When introducing yourself in Japan (jikoshōkai), you should bow slightly in the beginning and at the end, Do not show the back, the men have their hands along the body, women have their hands in front of the body. The opening phrase Hajimemashite indicates that you are going to introduce yourself for the first time.
In Japan, you say as much information as you can about yourself. Of course, not always the circumstances permit it, so where it is not appropriate say just your name. In situations where it is possible to say more about yourself, say, for example: what school you have finished, your marital status, age, interests, and so on. Remember, that women are always more polite in communication. The form of introduction depends on the situation, and the other person. There is a difference in introducing yourself in a night bar and in a new job. There is a simple rule that can help you: the longer the phrase, the higher degree of politeness.
If you are not sure which form of introduction to choose, always use the neutral form.
Now, let’s look at some self introduction samples. Don’t forget that to correctly present yourself in Japanese is the key. First impression is important, right?
In an informal introduction, the starting phrase Hajimemashite may be omitted. For example, just say the name / occupation / age. The word “desu” in the informal speech is shortened to “da”. Similarly, the “iimasu” is shortened to “tte iu n da”. There is a difference between a woman’s and man’s introduction.
Example introduction, if you are a woman:
Atashi wa Sandra desu. / Watashi, Sandra da. (I am Sandra)
Amerika kara kite ru. / Nihon kita. (I am from America)
Nihon ni iru aida wa yoroshiku desu. (Take care of me, while I am in Japan)
Example introduction, if you are a man:
Boku wa Kenesu tte iu n da. Kanada kara kite ru. (I am Keneth. I came from Canada)
Mada shinguru da shi. (I am single)
Yoroshiku. (Closing phrase, something like “take care of me”)
Another form of Japanese introductions is the neutral form, which you use e.g. on a conference, where you don’t know the attendees, or in a group of people who have similar status as you.
Hajimemashite. (Starting phrase which indicates that you are going to introduce yourself)

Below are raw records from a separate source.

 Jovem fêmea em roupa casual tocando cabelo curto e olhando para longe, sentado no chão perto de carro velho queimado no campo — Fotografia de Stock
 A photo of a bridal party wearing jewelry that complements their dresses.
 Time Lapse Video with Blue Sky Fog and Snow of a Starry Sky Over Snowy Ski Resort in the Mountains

Smith Sandra desu. (I am Sandra Smith)
29sai desu. (I am 29 years old)
Amerika kara kimashita. / Amerikajin desu. (I am from America / I am American)
XYZ-kaisha no enjinia desu. (I am an engineer at XYZ company)

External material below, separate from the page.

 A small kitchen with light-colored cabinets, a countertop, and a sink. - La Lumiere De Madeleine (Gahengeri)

Kekkon shite imasu. (I am married)
Dōzo yoroshiku / Dōzo yoroshiku onegai shimasu. (Closing phrase. The longer the phrase, the more politeness you show)

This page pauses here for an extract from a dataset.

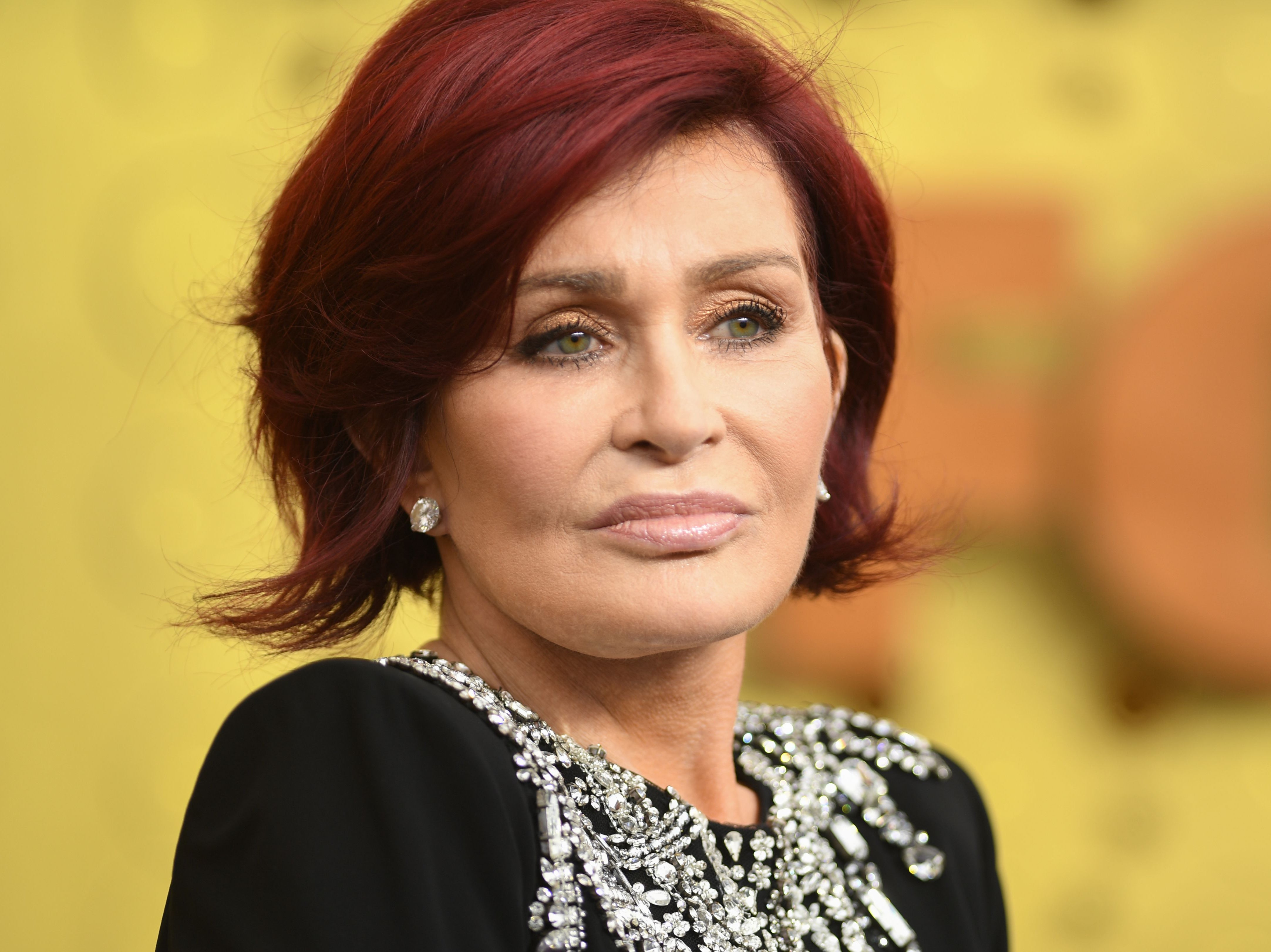 Former X Factor judge Sharon Osbourne was seen in the line comforting other mourners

Use formal introduction e.g. in a new job, when communicating with superiors or seniors (senpai), famous and elderly people. The verb “mōsu” is a modest variant of “iu” (to say).
Hajimemashite. Yamada Naomi to mōshimasu. (My name is Yamada Naomi)
Hiroshima no honsha kara kochira ni tenkin ni natte orimashita. (I was transferred here from Hiroshima’s main office)
Kon’yaku shite orimasu. (I am engaged)
Dōzo yoroshiku onegai itashimasu / Dōzo yoroshiku onegai shimasu. (Polite closing phrase)
Now, it is your turn. Pick one of the Japanese introduction styles and introduce yourself in Japanese.